Through those acts and “alphabet soup” agencies, the Roosevelt Administration initiated the labors of relief, recovery, reconstruction and reform known as the New Deal. The Depression would persist, and some of the original New Deal experiments would falter and fail – in fact, clauses of the Industrial Recovery and Agriculture Acts would be declared unconstitutional in 1935 and 1936. Nevertheless, Roosevelt and the American people would move forward determinedly, pushing each other further than either expected to go.
The NRA was supposed to boost economic activity and employment in a democratic fashion by not only giving corporate executives, workers and consumers representation on the boards that were to issue the codes regulating production, prices and wages, but also by guaranteeing workers “the right to organize and bargain collectively,” abolishing child labor, and setting both a minimum wage and a maximum numbers of weekly work hours (35-40).
FDR himself projected even more progressive possibilities when he said, on signing the National Industrial Recovery Act into law: “no business which depends for existence on paying less than living wages to its workers has any right to continue in this country.” However, as much as the economy and workers’ lives improved, the NRA failed to produce the desired results.

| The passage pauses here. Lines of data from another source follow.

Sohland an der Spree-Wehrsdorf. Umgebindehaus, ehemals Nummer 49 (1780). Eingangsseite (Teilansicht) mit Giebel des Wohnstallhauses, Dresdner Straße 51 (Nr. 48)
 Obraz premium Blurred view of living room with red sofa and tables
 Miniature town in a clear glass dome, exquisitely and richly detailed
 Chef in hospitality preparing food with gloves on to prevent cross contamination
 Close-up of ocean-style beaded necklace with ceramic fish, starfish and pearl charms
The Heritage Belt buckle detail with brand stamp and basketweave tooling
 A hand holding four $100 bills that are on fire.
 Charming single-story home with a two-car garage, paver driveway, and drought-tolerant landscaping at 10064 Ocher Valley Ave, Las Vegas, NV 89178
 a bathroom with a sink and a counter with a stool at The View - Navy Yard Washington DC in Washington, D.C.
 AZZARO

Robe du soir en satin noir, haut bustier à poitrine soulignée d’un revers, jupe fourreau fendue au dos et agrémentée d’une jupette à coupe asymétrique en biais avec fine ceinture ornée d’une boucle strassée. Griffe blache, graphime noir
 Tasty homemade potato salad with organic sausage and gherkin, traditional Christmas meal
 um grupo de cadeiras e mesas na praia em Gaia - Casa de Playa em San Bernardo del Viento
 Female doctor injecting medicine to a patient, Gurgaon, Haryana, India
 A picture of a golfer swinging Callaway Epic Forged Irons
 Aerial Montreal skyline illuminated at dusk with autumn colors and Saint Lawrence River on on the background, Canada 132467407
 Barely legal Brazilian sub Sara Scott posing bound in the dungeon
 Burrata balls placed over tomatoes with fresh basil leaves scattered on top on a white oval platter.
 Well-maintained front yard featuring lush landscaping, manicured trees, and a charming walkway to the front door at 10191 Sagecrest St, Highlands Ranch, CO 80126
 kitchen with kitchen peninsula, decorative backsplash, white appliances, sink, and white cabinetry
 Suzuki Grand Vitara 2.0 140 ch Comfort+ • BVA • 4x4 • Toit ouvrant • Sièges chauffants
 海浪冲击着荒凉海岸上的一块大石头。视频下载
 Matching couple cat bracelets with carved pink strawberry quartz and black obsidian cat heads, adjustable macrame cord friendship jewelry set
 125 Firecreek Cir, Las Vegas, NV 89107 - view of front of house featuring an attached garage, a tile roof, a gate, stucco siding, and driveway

Corporate bosses – at the expense of small business interests and consumers – continually called the shots in writing the codes and repeatedly resisted workers’ efforts to organize. Still, workers would not be deterred. They would go on to fight for their rights and compel FDR to support the enactment of the 1935 National Labor Relations Act, under which the federal government would directly back workers’ pursuit of “industrial democracy.”
The New Dealers had more success improving the state of agriculture – but not for all farmers. Instituting a system in which farmers voluntarily reduced their planted acreage and limited their production of basic commodities in return for government-guaranteed prices and subsidies (paid for by taxes on food processors), the AAA raised both agricultural prices and incomes. However, while Midwestern family farmers saw real gains, many thousands of southern tenants and sharecroppers, black and white, saw no benefits when large landowners refused to share government payments with them. Worse, when those landowners reduced their cultivated acreage, their renters and croppers were shoved off the land and into the ranks of the jobless and homeless.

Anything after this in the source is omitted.